Class NgramExtractor

java.lang.Object
com.optimaize.langdetect.ngram.NgramExtractor

public class NgramExtractor extends Object
Class for extracting n-grams out of a text.
  • Field Details

    • gramLengths

      @NotNull private final @NotNull List<Integer> gramLengths
    • filter

      @Nullable private final @Nullable NgramFilter filter
    • textPadding

      @Nullable private final @Nullable Character textPadding
  • Constructor Details

    • NgramExtractor

      private NgramExtractor(@NotNull @NotNull List<Integer> gramLengths, @Nullable @Nullable NgramFilter filter, @Nullable @Nullable Character textPadding)
  • Method Details

    • gramLength

      public static NgramExtractor gramLength(int gramLength)
    • gramLengths

      public static NgramExtractor gramLengths(Integer... gramLength)
    • filter

      public NgramExtractor filter(NgramFilter filter)
    • textPadding

      public NgramExtractor textPadding(char textPadding)
      To ensure having border grams, this character is added to the left and right of the text.

      Example: when textPadding is a space ' ' then a text input "foo" becomes " foo ", ensuring that n-grams like " f" are created.

      If the text already has such a character in that position (eg starts with), it is not added there.

      Parameters:
      textPadding - for example a space ' '.
    • getGramLengths

      public List<Integer> getGramLengths()
    • extractGrams

      @NotNull public @NotNull List<String> extractGrams(@NotNull @NotNull CharSequence text)
      Creates the n-grams for a given text in the order they occur.

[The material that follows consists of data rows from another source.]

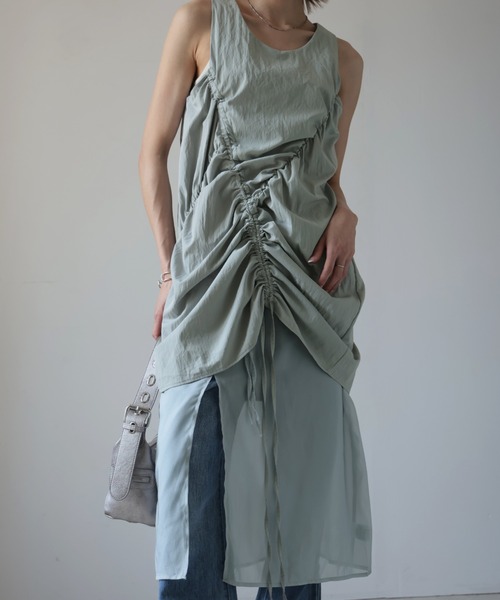 Ulysses（ユリシス）の「3way シャーリングデザインレイヤードワンピース（ワンピース・レディース・ライトグレー/ベージュ・F）」の6枚目の写真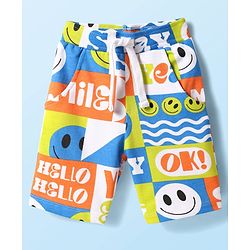Babyhug Single Jersey Knit Sleeveless Tank T-Shirt & Shorts Set With Smiley Print - White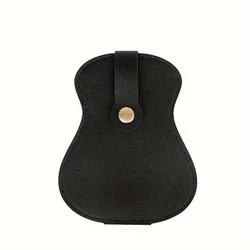 Premium Leather Guitar Pick Storage Bag - Stylish & Compact, Holds 18 Picks (A black paddle bag)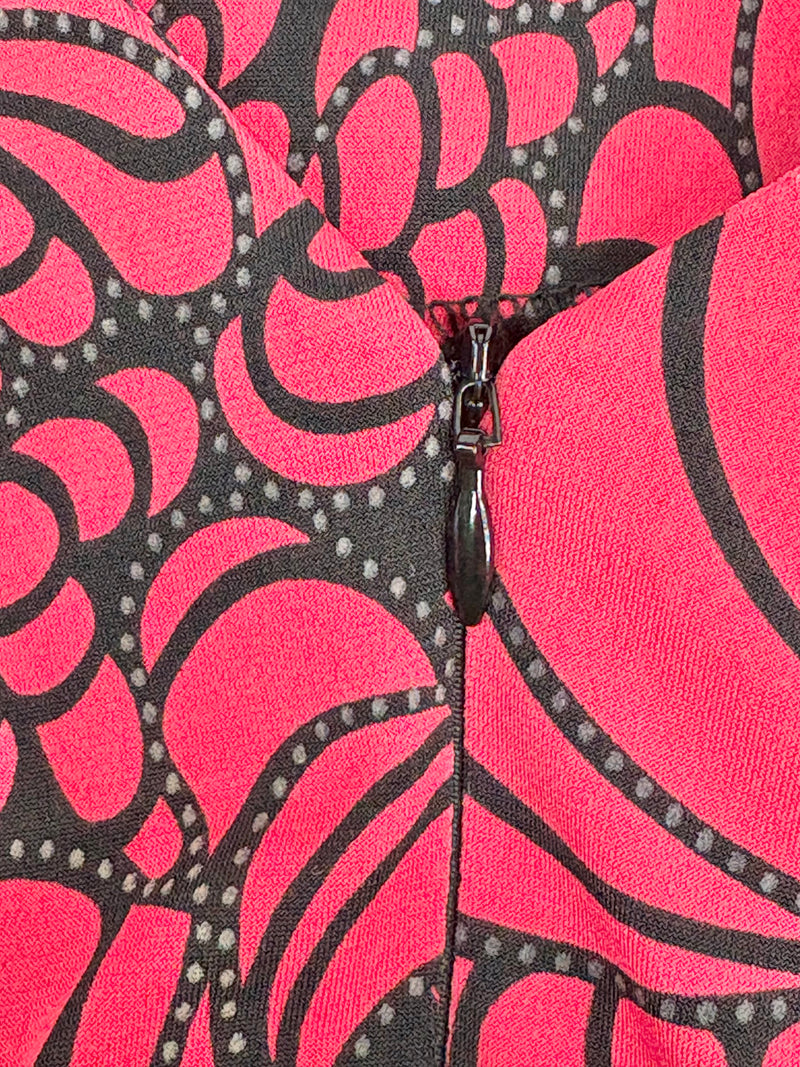 Lisa Barron Red & Black Abstract Floral Dress - AU16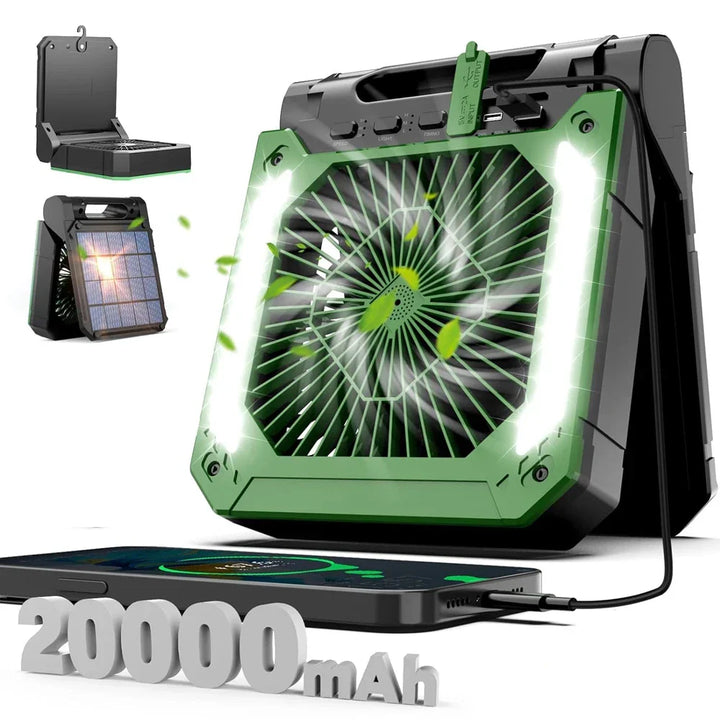20000mAh Portable Electric Fan with LED Light — USB, Solar & Car Charging for Camping | Kalsten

      Example: extractSortedGrams("Foo bar", 2) => [Fo,oo,o , b,ba,ar]

      Parameters:
      text -
      Returns:
      The grams, empty if the input was empty or if none for that gramLength fits.
    • extractCountedGrams

      @NotNull public @NotNull Map<String,Integer> extractCountedGrams(@NotNull @NotNull CharSequence text)
      Returns:
      Key = ngram, value = count The order is as the n-grams appeared first in the string.
    • _extractCounted

      private void _extractCounted(CharSequence text, int gramLength, int len, Map<String,Integer> grams)
    • guessNumDistinctiveGrams

      private static int guessNumDistinctiveGrams(int textLength, int gramLength)
      This is trying to be smart. It also depends on script (alphabet less than ideographic). So I'm not sure how good it really is. Just trying to prevent array copies... and for Latin it seems to work fine.
    • applyPadding

      private CharSequence applyPadding(CharSequence text)